Question

There are $10$ different books on the shelf. Find the number of ways in which $3$ books can be selected so that exactly two of them are consecutive.

Answer 1

Hint:If we take two consecutive books, at the end the third book can be chosen from $7$ different books. Now if we are taking two books from the middle and it must not be consecutive then the third book can be chosen from $6$ different books.
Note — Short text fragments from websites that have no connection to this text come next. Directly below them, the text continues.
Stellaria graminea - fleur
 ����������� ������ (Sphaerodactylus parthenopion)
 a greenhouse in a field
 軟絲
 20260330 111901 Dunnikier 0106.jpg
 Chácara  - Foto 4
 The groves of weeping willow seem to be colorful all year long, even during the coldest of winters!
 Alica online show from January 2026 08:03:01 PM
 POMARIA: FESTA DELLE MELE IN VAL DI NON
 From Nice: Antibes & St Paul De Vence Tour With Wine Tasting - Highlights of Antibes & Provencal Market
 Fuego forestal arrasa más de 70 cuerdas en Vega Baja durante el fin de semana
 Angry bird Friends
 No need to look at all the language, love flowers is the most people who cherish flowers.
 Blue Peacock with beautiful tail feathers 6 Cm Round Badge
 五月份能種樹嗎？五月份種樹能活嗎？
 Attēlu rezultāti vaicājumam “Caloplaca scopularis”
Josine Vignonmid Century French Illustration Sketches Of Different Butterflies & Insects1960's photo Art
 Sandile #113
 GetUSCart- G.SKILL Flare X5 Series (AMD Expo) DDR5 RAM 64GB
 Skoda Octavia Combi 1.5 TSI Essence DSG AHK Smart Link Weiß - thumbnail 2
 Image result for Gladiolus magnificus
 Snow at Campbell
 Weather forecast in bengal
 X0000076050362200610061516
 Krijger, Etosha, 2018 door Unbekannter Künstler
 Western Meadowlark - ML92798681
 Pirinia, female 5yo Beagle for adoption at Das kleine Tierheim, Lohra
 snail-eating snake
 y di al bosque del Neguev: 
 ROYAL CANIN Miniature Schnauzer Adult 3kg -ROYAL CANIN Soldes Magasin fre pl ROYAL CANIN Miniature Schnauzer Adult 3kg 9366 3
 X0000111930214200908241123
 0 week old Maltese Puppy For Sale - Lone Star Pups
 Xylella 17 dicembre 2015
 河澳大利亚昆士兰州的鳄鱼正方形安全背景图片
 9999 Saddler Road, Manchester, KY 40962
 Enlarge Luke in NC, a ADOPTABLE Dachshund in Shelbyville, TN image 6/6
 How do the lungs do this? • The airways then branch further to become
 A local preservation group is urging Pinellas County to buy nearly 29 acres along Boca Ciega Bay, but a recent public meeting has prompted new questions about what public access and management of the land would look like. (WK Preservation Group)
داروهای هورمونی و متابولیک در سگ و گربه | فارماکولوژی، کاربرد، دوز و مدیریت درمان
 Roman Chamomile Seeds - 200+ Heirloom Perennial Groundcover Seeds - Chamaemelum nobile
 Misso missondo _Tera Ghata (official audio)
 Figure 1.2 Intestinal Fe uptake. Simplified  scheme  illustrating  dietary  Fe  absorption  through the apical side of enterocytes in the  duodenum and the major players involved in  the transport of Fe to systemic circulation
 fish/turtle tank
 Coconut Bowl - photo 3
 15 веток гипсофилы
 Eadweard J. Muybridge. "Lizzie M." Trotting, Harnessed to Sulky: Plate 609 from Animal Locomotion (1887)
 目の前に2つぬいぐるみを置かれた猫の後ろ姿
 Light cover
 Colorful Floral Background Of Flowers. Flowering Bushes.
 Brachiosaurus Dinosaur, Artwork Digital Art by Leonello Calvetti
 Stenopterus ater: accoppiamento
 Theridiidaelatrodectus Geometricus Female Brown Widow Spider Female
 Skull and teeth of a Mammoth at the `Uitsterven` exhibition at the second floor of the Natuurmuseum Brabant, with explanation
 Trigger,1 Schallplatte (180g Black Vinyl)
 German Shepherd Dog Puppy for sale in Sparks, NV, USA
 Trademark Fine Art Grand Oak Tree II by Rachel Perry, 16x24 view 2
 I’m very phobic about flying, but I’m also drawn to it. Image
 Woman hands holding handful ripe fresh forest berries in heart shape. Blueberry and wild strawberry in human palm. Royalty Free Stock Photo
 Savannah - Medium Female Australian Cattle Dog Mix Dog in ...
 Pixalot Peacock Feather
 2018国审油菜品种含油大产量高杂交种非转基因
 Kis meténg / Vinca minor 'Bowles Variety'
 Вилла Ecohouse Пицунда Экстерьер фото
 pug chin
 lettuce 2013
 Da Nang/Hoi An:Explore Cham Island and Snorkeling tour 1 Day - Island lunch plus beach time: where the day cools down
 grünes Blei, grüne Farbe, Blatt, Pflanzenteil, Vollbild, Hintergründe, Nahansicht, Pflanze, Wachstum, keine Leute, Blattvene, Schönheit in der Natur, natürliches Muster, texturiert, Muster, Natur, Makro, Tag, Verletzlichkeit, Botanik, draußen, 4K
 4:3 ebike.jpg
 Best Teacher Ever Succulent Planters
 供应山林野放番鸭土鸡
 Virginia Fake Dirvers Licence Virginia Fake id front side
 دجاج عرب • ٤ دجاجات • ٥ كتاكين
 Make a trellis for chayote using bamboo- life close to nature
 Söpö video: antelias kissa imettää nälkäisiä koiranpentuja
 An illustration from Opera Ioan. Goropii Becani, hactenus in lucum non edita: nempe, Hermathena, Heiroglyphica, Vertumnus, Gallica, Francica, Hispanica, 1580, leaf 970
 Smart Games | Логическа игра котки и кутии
Complete step-by-step answer:
Here we are given that there are $10$ different books on the shelf. So let them be
${A_1},{A_2},{A_3},{A_4},{A_5},{A_6},{A_7},{A_8},{A_9},{A_{10}}$ books on the shelf. Now we are said to select $3$ books from these ten books such that two of them are consecutive.
Case (1): If two consecutive books are chosen from the end.
${A_1}{A_2},{A_2}{A_3},...........,{A_9}{A_{10}}$
So here two are the possibility that either we chose ${A_1}{A_2}$ or ${A_9}{A_{10}}$
If we chose${A_1}{A_2}$, then ${A_3}$ cannot be the third book because the question is saying that only two are consecutive. So we can choose the third book only in $7$ ways.
So the number of ways of choosing two consecutive books$ = 2$
Number of ways of choosing third book$ = 7$
So for the case (1)
Total number of ways$ = 2 \times 7 = 14$
Case (2):
If consecutive books are not at both the ends.
$\_\_\_\_\_{A_4}{\text{ }}{A_5}\_\_\_\_\_$
Here we cannot take either ${A_1}{A_2}$ nor ${A_9}{A_{10}}$
So we can take ${A_2}{A_3},{A_3}{A_4},{A_4}{A_5},{A_5}{A_6},{A_6}{A_7},{A_7}{A_8},{A_8}{A_9}$
So the total number of pair$ = 7$
Number of ways to choose two consecutive books in middle$ = 7$
Number of ways to choose third book, here we cannot take ${A_3}{\text{ or }}{A_6}$
So the number of books that can be selected$ = 6$
So total number of ways$ = 6(7) = 42$
Now from case (1) and case (2), we got the total number of ways of choosing the third book in which exactly two of them are consecutive$ = 14 + 42 = 56$

Note:We have different cases, now we are confused where we have to multiply and where to add. So if we have $a$ ways of doing something and $b$ ways of doing other things, then there are $a + b$ ways to choose one of them and we have $a \times b$ number of ways to do both of them.